L'UE dans un cercle vicieux fiscal et géopolitique
Elena Fritz
Source: https://t.me/global_affairs_byelena
L'UE parle d'« autonomie stratégique » – mais la réalité est différente : l'Europe est enfermée dans une spirale d'endettement qui paralyse sa capacité d'action géopolitique.

C'est ce que souligne l'économiste Paweł Tokarski (de la Stiftung Wissenschaft und Politik - SWP (https://www.swp-berlin.org/publikation/die-eu-im-fiskal-geopolitischen-teufelskreis) - photo) dans sa nouvelle analyse : « L'UE dans un cercle vicieux fiscal et géopolitique ».
Auto-entraves structurelles
Tokarski montre que la hausse de la dette publique en Europe n'est pas un phénomène de crise, mais une conséquence structurelle du système lui-même.
- Sociétés vieillissantes
- Croissance de la productivité stagnante
- Une classe politique qui préfère redistribuer plutôt que réformer
- Le résultat : d'ici 2040, un ratio d'endettement de 130 % du PIB menace – dans une Union dont le pacte de stabilité est déjà aujourd'hui de facto suspendu.
- Tokarski qualifie cela de « cercle vicieux » : le manque d'espace fiscal affaiblit la puissance géopolitique, mais la faiblesse géopolitique oblige à de nouvelles dépenses.
Le prix des illusions
L'UE tente de financer simultanément quatre objectifs incompatibles :
- La militarisation et la montée en puissance – avec des centaines de milliards pour les projets « European Defence » et « Readiness 2030 »
- Les subventions industrielles – pour suivre le rythme de la Chine et des États-Unis
- La transition énergétique – coûteuse, mais politiquement indispensable
- Le soutien à l'Ukraine – un véritable tonneau des Danaïdes
- Mais chacun de ces postes consomme des crédits dont la charge d'intérêts double ou triple.
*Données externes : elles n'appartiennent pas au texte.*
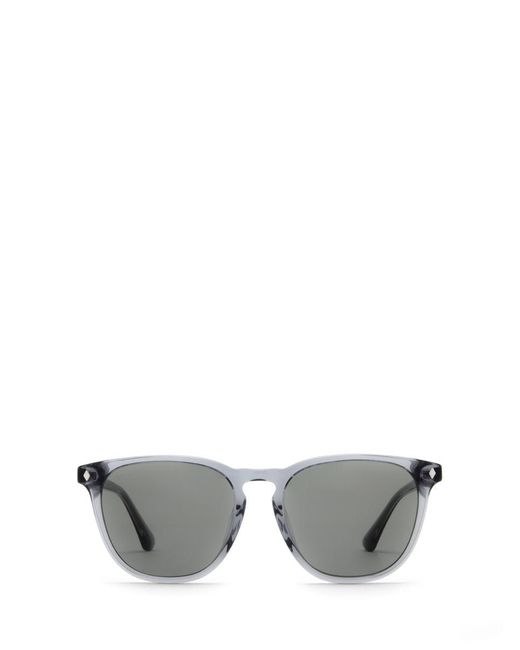 WEB EYEWEAR Gray Sunglasses for men
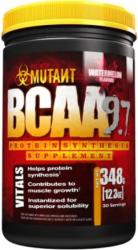 MUTANT Mutant BCAA 9.7 348 g punch de fructe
Conséquence: la montagne de dettes européenne croît de façon exponentielle – sans croissance pour la soutenir.
- Ce n'est plus une politique conjoncturelle, mais bel et bien de l'autodestruction.
Géopolitique de la dette
Contrairement aux États-Unis ou à la Chine, l'Europe ne dispose pas d'une machine souveraine à endettement.
L'UE ne peut pas émettre une monnaie de réserve mondiale que tout le monde doit acheter.
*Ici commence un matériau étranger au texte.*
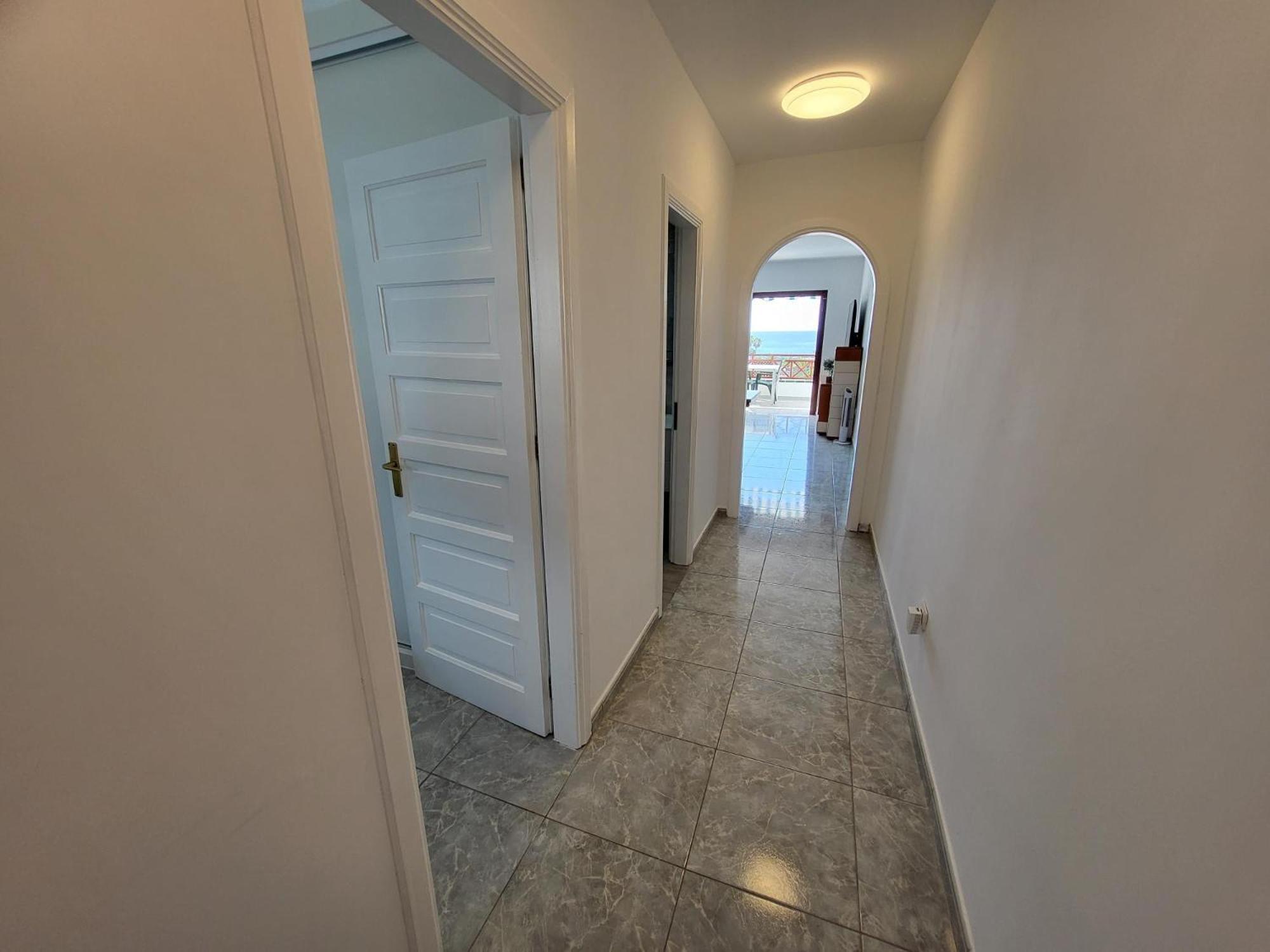 Victoria Court II Apartman Los Cristianos  Kültér fotó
Son marché de capitaux est fragmenté, la responsabilité politique partagée, la BCE piégée entre feu fiscal et orthodoxie monétaire.
Tokarski met en garde: si l'Allemagne perd son rôle de pourvoyeur de stabilité, qu'elle détenait antérieurement, la prochaine crise de l'euro serait non seulement économique, mais aussi dévastatrice sur le plan géopolitique.
Car alors, l'Europe n'aurait plus de filet de sécurité crédible – ni économiquement, ni politiquement.
Le risque implicite
Ce que Tokarski évoque à peine, c'est la bombe à retardement:
La confiscation planifiée des actifs russes compromet la confiance dans le système financier européen.
Si la zone euro commence à exproprier les réserves souveraines d'autres États, elle envoie un signal clair au Sud global :
« Votre argent n'est pas en sécurité chez nous. » En ce faisant, l'UE risque de détruire ses derniers « actifs durs » – l'euro et la confiance dans l'État de droit.
En conclusion
L'Europe doit faire un choix :
- Soit une consolidation structurelle, une réduction de la bureaucratie, un recul du militarisme idéologique,
- Soit un état d'exception permanent – financier, politique, moral.
Un continent qui brûle ses ressources pour l'armement, les subventions et la politique extérieure symbolique, perd sa capacité à exercer une véritable souveraineté.
En résumé
L'UE a commencé à hypothéquer son avenir pour préserver le statu quo. Mais ceux qui contractent des dettes perdent leur liberté – tant sur le plan extérieur qu'intérieur.
Et si l'euro devient un instrument politique plutôt qu'une monnaie stable, l'Europe n'assistera pas à une renaissance, mais à la naissance d'un empire militarisé et technocratique, dont le pouvoir repose sur la dette et la peur.